= About this exercise =
Give back an exact copy of the listing that follows, without the pictures.

= Collected material =
════════════════════

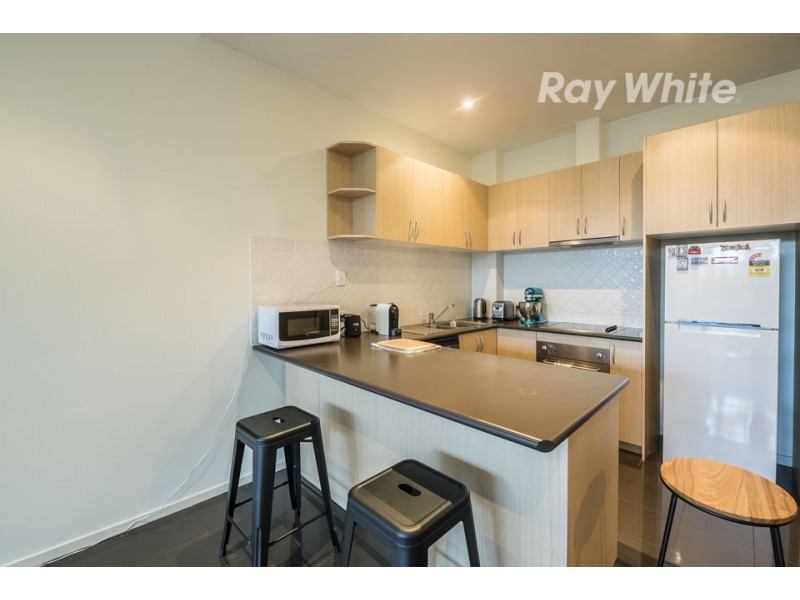 13/265 Para Road, Greensborough VIC 3088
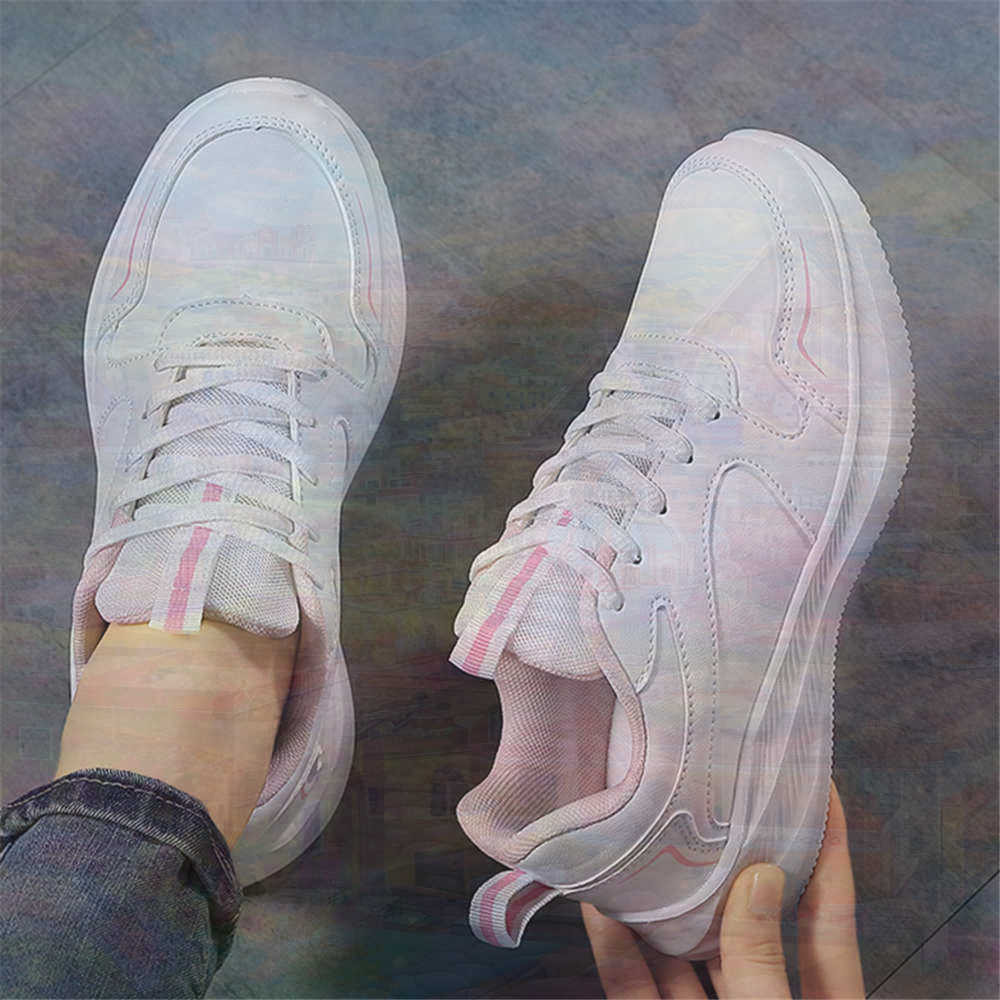 Size 44 Low Retro Shoes Man Wa - Streetwear Brand Design Ideas ulasan dan harga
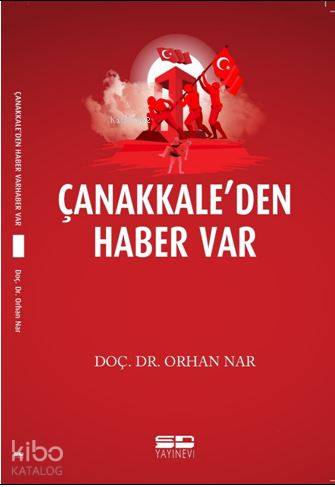 Şehadet Kitap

════════════════════

= Response below =
 13/265 Para Road, Greensborough VIC 3088
 Size 44 Low Retro Shoes Man Wa - Streetwear Brand Design Ideas ulasan dan harga
 Şehadet Kitap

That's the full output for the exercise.